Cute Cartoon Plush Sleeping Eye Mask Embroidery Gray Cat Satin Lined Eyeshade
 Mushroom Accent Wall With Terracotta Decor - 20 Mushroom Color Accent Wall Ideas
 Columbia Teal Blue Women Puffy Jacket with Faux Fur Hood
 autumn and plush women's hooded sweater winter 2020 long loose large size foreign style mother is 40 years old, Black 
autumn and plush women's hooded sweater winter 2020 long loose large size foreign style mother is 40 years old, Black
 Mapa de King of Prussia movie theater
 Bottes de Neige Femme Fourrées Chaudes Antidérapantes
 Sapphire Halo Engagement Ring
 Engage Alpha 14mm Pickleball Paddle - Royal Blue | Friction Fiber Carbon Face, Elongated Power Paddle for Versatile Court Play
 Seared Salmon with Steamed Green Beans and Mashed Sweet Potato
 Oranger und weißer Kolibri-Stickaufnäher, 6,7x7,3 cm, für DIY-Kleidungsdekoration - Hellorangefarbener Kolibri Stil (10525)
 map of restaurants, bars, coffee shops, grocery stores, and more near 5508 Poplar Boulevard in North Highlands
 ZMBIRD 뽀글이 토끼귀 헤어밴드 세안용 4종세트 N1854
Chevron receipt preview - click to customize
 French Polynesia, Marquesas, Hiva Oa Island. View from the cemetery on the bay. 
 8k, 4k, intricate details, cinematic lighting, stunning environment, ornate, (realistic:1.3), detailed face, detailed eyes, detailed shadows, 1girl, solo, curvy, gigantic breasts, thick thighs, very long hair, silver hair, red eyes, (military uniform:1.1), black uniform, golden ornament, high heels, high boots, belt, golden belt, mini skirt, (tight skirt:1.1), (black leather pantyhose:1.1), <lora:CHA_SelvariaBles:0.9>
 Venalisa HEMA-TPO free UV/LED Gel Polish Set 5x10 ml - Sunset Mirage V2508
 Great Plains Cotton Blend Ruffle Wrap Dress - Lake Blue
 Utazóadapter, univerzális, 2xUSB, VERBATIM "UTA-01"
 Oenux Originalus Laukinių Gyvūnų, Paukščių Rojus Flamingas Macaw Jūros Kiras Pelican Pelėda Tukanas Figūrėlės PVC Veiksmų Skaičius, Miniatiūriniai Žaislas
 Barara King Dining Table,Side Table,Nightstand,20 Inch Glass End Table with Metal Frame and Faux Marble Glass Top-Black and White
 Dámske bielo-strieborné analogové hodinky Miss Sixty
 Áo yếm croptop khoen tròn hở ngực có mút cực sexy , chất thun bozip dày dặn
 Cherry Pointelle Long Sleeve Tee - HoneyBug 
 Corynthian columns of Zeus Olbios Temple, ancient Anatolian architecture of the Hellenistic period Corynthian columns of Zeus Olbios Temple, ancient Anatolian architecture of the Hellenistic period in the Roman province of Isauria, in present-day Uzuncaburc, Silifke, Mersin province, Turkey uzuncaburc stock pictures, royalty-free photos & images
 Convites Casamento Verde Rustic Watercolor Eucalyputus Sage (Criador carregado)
^^^^^^^^
Transcribe the full listing exactly, keeping every word as it is.

Cute Cartoon Plush Sleeping Eye Mask Embroidery Gray Cat Satin Lined Eyeshade
 Mushroom Accent Wall With Terracotta Decor - 20 Mushroom Color Accent Wall Ideas
 Columbia Teal Blue Women Puffy Jacket with Faux Fur Hood
 autumn and plush women's hooded sweater winter 2020 long loose large size foreign style mother is 40 years old, Black 
autumn and plush women's hooded sweater winter 2020 long loose large size foreign style mother is 40 years old, Black
 Mapa de King of Prussia movie theater
 Bottes de Neige Femme Fourrées Chaudes Antidérapantes
 Sapphire Halo Engagement Ring
 Engage Alpha 14mm Pickleball Paddle - Royal Blue | Friction Fiber Carbon Face, Elongated Power Paddle for Versatile Court Play
 Seared Salmon with Steamed Green Beans and Mashed Sweet Potato
 Oranger und weißer Kolibri-Stickaufnäher, 6,7x7,3 cm, für DIY-Kleidungsdekoration - Hellorangefarbener Kolibri Stil (10525)
 map of restaurants, bars, coffee shops, grocery stores, and more near 5508 Poplar Boulevard in North Highlands
 ZMBIRD 뽀글이 토끼귀 헤어밴드 세안용 4종세트 N1854
Chevron receipt preview - click to customize
 French Polynesia, Marquesas, Hiva Oa Island. View from the cemetery on the bay. 
 8k, 4k, intricate details, cinematic lighting, stunning environment, ornate, (realistic:1.3), detailed face, detailed eyes, detailed shadows, 1girl, solo, curvy, gigantic breasts, thick thighs, very long hair, silver hair, red eyes, (military uniform:1.1), black uniform, golden ornament, high heels, high boots, belt, golden belt, mini skirt, (tight skirt:1.1), (black leather pantyhose:1.1), <lora:CHA_SelvariaBles:0.9>
 Venalisa HEMA-TPO free UV/LED Gel Polish Set 5x10 ml - Sunset Mirage V2508
 Great Plains Cotton Blend Ruffle Wrap Dress - Lake Blue
 Utazóadapter, univerzális, 2xUSB, VERBATIM "UTA-01"
 Oenux Originalus Laukinių Gyvūnų, Paukščių Rojus Flamingas Macaw Jūros Kiras Pelican Pelėda Tukanas Figūrėlės PVC Veiksmų Skaičius, Miniatiūriniai Žaislas
 Barara King Dining Table,Side Table,Nightstand,20 Inch Glass End Table with Metal Frame and Faux Marble Glass Top-Black and White
 Dámske bielo-strieborné analogové hodinky Miss Sixty
 Áo yếm croptop khoen tròn hở ngực có mút cực sexy , chất thun bozip dày dặn
 Cherry Pointelle Long Sleeve Tee - HoneyBug 
 Corynthian columns of Zeus Olbios Temple, ancient Anatolian architecture of the Hellenistic period Corynthian columns of Zeus Olbios Temple, ancient Anatolian architecture of the Hellenistic period in the Roman province of Isauria, in present-day Uzuncaburc, Silifke, Mersin province, Turkey uzuncaburc stock pictures, royalty-free photos & images
 Convites Casamento Verde Rustic Watercolor Eucalyputus Sage (Criador carregado)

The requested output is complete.